Laith reviews his dreams and reality:
When the US military started what they called Operation Iraq Freedom, I really felt so happy for one thing. I thought Iraq would be free again and we would have real government with politicians who really care about Iraq future and its people. I had a real big hope that services will be the best again and we would live happily again. I never thought that we would start killing each other for the sake of some strangers or to kidnap each other for money but I was completely wrong. I was sure that the American administration had planned very well for the stage after the war but I was wrong again. Nothing really changed in Iraq after six years. To be honest, we have one big change. Now we have hundreds of political parties that do nothing to Iraq and all they care about is their interests. After six years, the Americans approved that they came without any plan because most Iraqis are still poor and deprived from the simplest human rights. Iraqi governments and the American administration failed completely in putting Iraq once again on the right path.

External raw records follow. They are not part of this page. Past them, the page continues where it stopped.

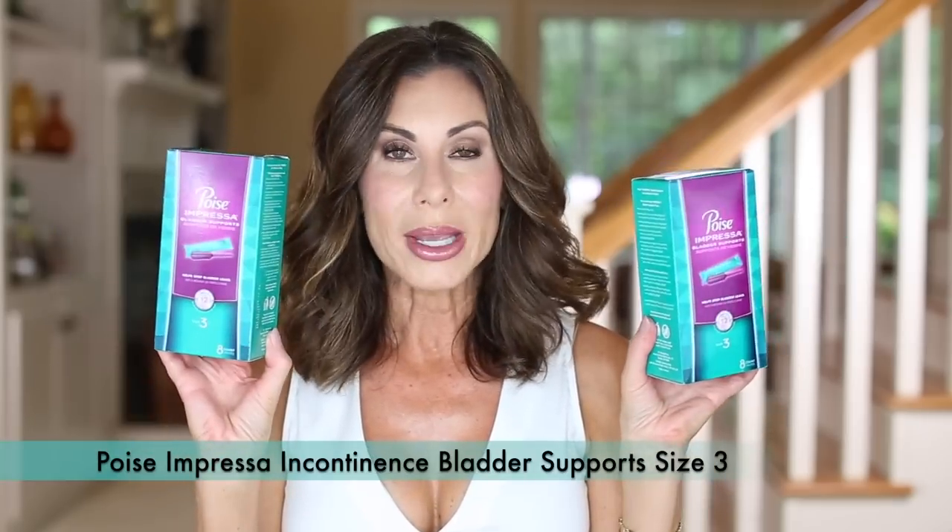Sticking with fitness, I stocked up on my Poise Impressa bladder supports, which I need to use if I am doing any running. I use these when I go to Orangetheory because I am what they call a jogger there. I have a compromised pelvic floor, so I have to double up. I stocked up because I knew I needed to take a box with me on vacation.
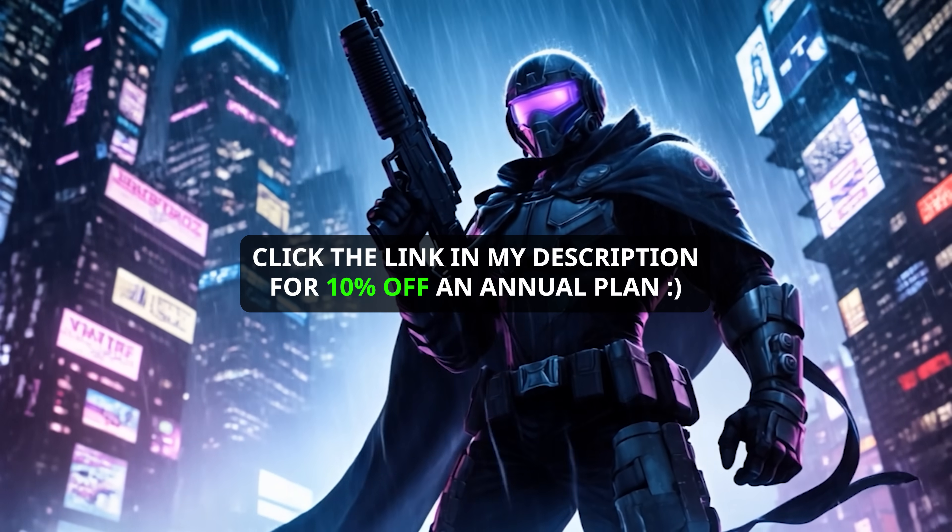If all this is up your alley and you want to try Kling, they graciously provided me with a link that will give you 10% off for the annual plan — link is in my description, clickety click. Genuinely helps a lot, so go have some fun. Happy generating. I hope you enjoyed me messing around with this tool and hope you learned some things. I'm Green Skull — you're a human or a bot. Thanks for watching.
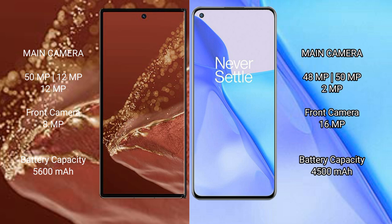The Huawei Mate XT Ultimate has a triple rear camera setup of 50MP + 12MP + 12MP, plus a 12MP front camera. The OnePlus 9 has a triple rear camera setup of 48MP + 15MP + 2MP, with a 16MP front camera. The Huawei Mate XT Ultimate has a 5600mAh battery with 66W fast charging support, while the OnePlus 9 has a 4500mAh battery with 65W fast charging support.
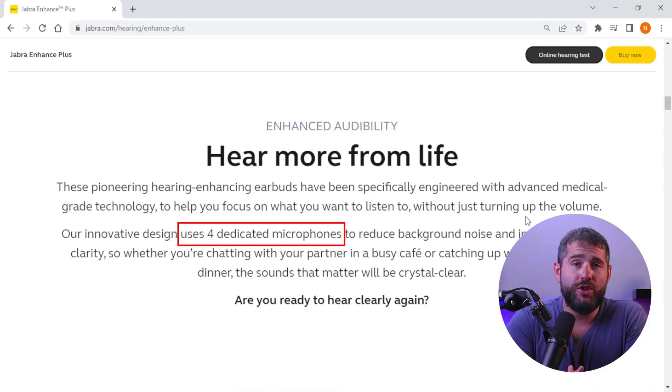Another great feature of Jabra Enhanced is its directional microphone, which amplifies sounds coming from in front of the user while reducing sounds from behind and the sides. This makes it easier to hear conversations in noisy environments like restaurants and crowded places.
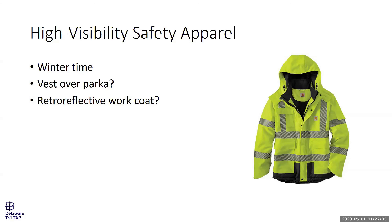A lot of agencies cut to the chase and order ANSI Class 3 vests across the board — I tend to encourage that, though it's an agency-level policy decision. For wintertime, some agencies issue retroreflective parkas or work coats rather than having workers layer a vest over a jacket. It's easier to don one piece of apparel rather than two, and it reduces the chance workers skip the high-vis layer entirely.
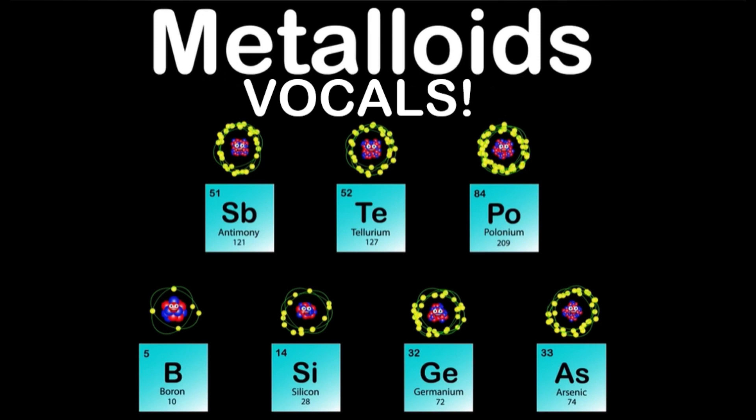My name is Arsenic, my atomic number is 33, my atomic mass is 74, As is the symbol you see. Due to my toxicity, my compounds are used in insecticides and wood preservation, that is true.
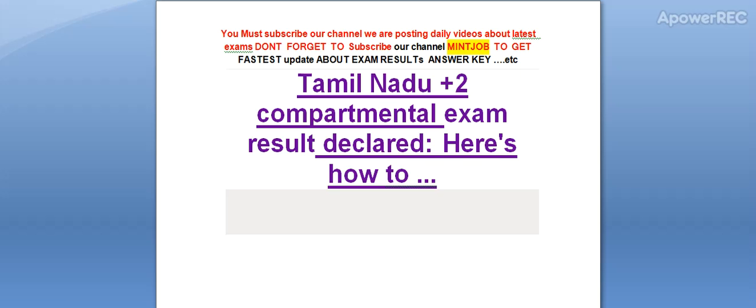Hi friends, subscribe to our channel — we are posting daily videos about the latest exams. Today I am telling you that the Tamil Nadu Plus 2 Compartmental Exam result has been declared. Here is how to check it.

I have to admit that after six years of the invasion, ALL MY DREAMS HAD GONE WITH THE WIND


After years away from Iraq, Attawie can only think of what she misses:
I'm away from beloved Baghdad. I'm away from family and friends. I'm away from the land I was born on; away of the soil I took my first step on, away from the house I was raised in, away from my neighbors, I'm away … but… not mind and soul.

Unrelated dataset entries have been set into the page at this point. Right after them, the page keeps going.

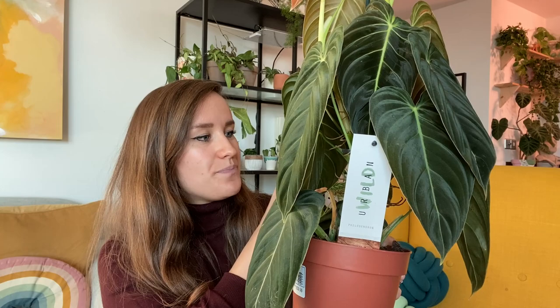I've treated them all once with Provonto. I treated the Hoya twice because I saw a little bug on it — I'm not certain it was a spider mite but I saw it crawling, so I got it in the bathtub and treated it again. All of these new plants are away from my other plants; they're in the middle of my living room. I love the size of this one, I love the velvety leaves, and I think overall it's in really good condition.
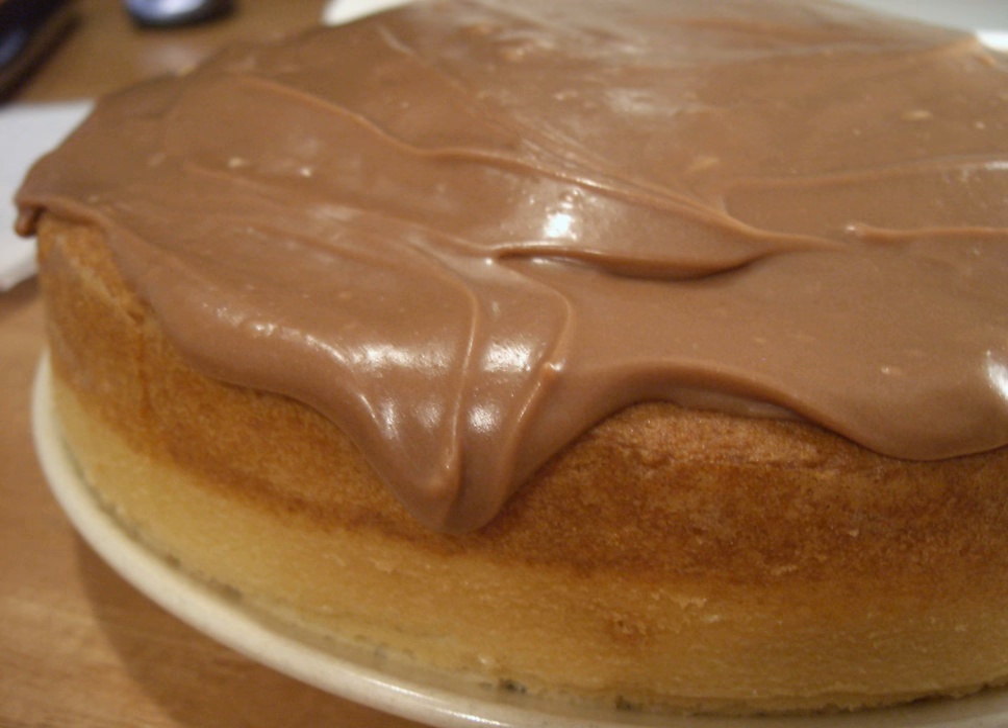Icing, often called frosting in the United States, is a sweet, often creamy glaze made of sugar with a liquid, such as water or milk, that is often enriched with ingredients like butter, egg whites, cream cheese, or flavorings. It is used to cover or decorate baked goods, such as cakes or cookies. When it is used between layers of cake, it is called filling.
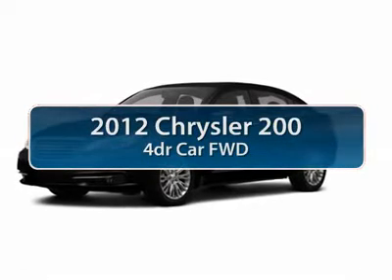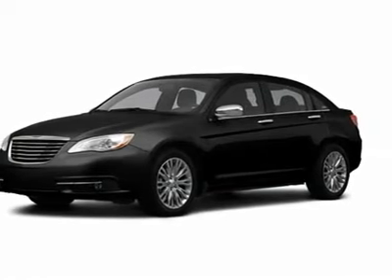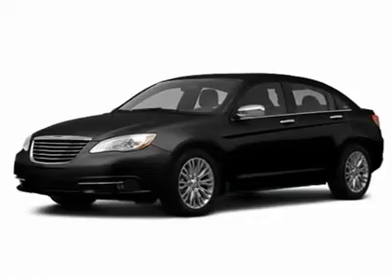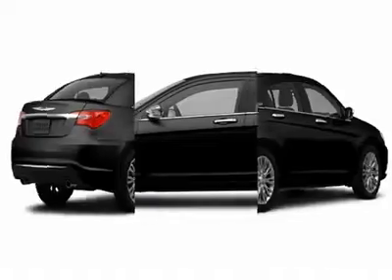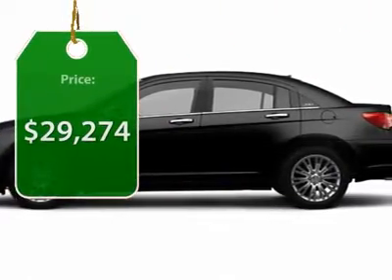The 2012 Chrysler 200. This mid-sized sedan from Chrysler is loaded with modern comforts. Thicker seats, LED lighting, and noise dampeners are just a few. This 200 model for Chrysler takes an aggressive step into a competitive market, and it's priced below $30,000.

War, chaos, loss of uncountable people and things, unemployment, corrupted system, mysteries, sadness, chain of mischief, lost dreams, burnt houses, smell of death, widows, orphans, tears, sad stories, cruel memories… That's all what we are left with?... I don't want to sound devastated. I don't want to show despair. I just want to tell you the picture is not pleasant, And it needs a lot of repair. What's going on right now is unfair.

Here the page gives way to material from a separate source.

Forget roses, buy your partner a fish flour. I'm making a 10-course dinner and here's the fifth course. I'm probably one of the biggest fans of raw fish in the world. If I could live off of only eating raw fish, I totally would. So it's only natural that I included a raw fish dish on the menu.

I lost my focus and lost my words. I'm not sure if it makes sense. But that's all you're going to get on a Day Like Today. Life is frozen… the clock is broken. The prayers you're saying are not answered today... Oh Iraq, returning has become the dream that makes my day. Your memory is the sweetness in this bitter life. You are the sound of laughter, background music for this noisy life, the kiss on a mother's forehead, the grip of an infant fist.


Faiza writes a long post of her feeling after six years of war and occupation and concludes:
I smile, at the sixth anniversary of occupying Iraq, in spite of the sadness weighting on my heart, but I will never give up hope, ever; that Iraq will come beck to its people, that a brave nationalistic leadership will come, a leadership that wants only Iraq’s interest, will negotiate the occupation out, and will withdraw all the occupation’s powers.
When will that day come?
Only God knows…. But it will come, no doubt… for these are God’s laws on earth…


And, in the way that only Layla Anwar can, an essay comparing the creation of a new Iraq to a mother giving a forced birth of a mutant baby:
It was a monster infant. A hydra with a hundred heads, a hundred skulls, an octopus with a hundred arms, a deformed face with hundreds of eyes, bulging..its skin made of scaling scabs, its body made of slime, an invertebrate crawling, with no legs to stand, and from its mouth, instead of gurgles, it drooled a burning caustic froth...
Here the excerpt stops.